Counsel for plaintiff in error seek to distinguish this case, but in our opinion the Lind case presents a stronger case for the application of the Federal Employers’ Liability Act than the case under consideration.

Upon the authority of the case of Payne, Dir Gen, v Lind, Admx, supra, we hold that the plaintiff’s decedent at the time of his Injury and death was not an employee of the Baltimore & Ohio Railroad .Company, and therefore the Federal Employers’ Liability Act has no application, and the trial court was correct in so holding.

However, it is contended by the plaintiff in error’s administrator that he is entitled to go to the jury on the question of common-law negligence, under the Ohio rule; that there is sufficient in the petition to justify the going to the jury on this issue.

The petition states a cause of action under §10770 GC. The petition also contains allegations of employment, which, if proved, would bring the case within the Federal Employers’ Liability Act. We have found that the plaintiff has failed in the proof, to bring the case within the federal act. However, the evidence is fully presented on the question of common-law negligence. If there was a scintilla of evidence tending 'to prove negligence against the defendant railroad company, and the plaintiff’s evidence did -not raise the presumption of contributory negligence as a matter of law, we are of opinion that the case should have been submitted to the jury on the issue of common-law negligence. This view is supported in principle by the case of Gartner v Corwlne, 57 Oh St, 246, 48 N. E., 945. In the course of the opinion in that case the Supreme Court said, at page 254 57 Oh St, 48 N. E. 945: “The code permits the facts which constitute his cause of action; and when, upon any of the facts so stated, he is entitled to recover, he cannot be denied that right because he has alleged other facts that he is unable to prove.”
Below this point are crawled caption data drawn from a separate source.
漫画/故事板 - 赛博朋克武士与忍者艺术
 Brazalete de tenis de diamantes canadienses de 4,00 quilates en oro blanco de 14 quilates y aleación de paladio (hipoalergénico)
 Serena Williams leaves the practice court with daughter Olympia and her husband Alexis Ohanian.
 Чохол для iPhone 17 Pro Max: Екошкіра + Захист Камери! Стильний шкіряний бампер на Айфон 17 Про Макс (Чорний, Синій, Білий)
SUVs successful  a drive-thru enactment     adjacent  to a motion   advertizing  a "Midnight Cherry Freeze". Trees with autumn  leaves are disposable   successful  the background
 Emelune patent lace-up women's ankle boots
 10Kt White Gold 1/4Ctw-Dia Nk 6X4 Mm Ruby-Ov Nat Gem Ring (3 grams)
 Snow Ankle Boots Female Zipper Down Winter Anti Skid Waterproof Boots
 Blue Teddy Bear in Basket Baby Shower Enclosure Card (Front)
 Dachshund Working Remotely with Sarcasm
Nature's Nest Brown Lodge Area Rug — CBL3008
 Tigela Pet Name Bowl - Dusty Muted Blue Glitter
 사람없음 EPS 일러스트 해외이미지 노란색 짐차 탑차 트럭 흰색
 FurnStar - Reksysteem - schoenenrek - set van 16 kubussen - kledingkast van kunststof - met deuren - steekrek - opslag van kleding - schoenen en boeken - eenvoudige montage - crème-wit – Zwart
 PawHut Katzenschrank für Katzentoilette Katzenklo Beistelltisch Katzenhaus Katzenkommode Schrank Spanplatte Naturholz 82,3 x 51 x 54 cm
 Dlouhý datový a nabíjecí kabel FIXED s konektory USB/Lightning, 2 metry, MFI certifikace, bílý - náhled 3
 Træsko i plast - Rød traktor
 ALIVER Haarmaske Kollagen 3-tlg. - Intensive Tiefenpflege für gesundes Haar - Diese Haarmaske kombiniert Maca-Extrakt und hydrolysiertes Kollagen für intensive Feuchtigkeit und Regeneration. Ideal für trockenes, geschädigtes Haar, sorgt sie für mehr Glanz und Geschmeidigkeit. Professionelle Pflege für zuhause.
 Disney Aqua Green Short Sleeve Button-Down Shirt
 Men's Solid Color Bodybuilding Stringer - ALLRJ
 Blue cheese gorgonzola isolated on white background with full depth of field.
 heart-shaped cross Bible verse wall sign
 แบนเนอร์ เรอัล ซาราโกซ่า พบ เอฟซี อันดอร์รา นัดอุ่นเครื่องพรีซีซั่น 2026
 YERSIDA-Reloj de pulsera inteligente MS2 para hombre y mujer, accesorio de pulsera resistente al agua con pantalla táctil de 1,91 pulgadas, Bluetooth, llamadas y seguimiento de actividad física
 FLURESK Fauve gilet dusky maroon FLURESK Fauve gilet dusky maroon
This brings us to the question of whether or not there is a scintilla of evidence to show negligence on the part of the defendant Baltimore & Ohio Railroad Company, and if so, does the plaintiff’s own evidence raise a presumption of negligence on the part of the decedent, contributing to his own injury and death?

The pertinent and controlling facts as shown by the plaintiff’s evidence are substantially these: That the Baltimore & Ohio train in question, No. 55, came into the station under the direction of the employees and servants of the Central Union Depot Company; that the engine was detached, and went some three or four hundred feet back into the yards to take water. In the meantime a switch engine was run in on track 2, adjacent to track 3, which track 2 had a swtich over from track 3 at a point in the .yards; that a switch engine had gone in on track 2 toward the depot to remove a baggage car which was to be attached to the Baltimore & Ohio train No. 55. La Dow in the course of his employment, and as one of his duties, went to track 3 and there signalled the switch engine on track No. 2 to stop, for the evident purpose of permitting the engine of No. 55 to back up for coupling onto the Baltimore & Ohio train No. 55. He gave the stop signal for the switch engine on track 2, and while standing on track 3 signalled the Baltimore & Ohio engine on track 3 to back up. The engine on track 2 stopped at his signal. For some reason unexplained and unexplainable La Dow stood on or adjacent to track 3 while the engine for train No. 55 was bearing down upon him, which he had signalled to back up. The fireman and the engineer on track 2 saw the engine backing up on track 3, and when the engine on track 3 was within 25 or 30 feet of La Dow, shouted to him. La Dow was standing with his back or side toward the approaching engine on track 3, remained there, and was struck by the engine on track 3, backing up.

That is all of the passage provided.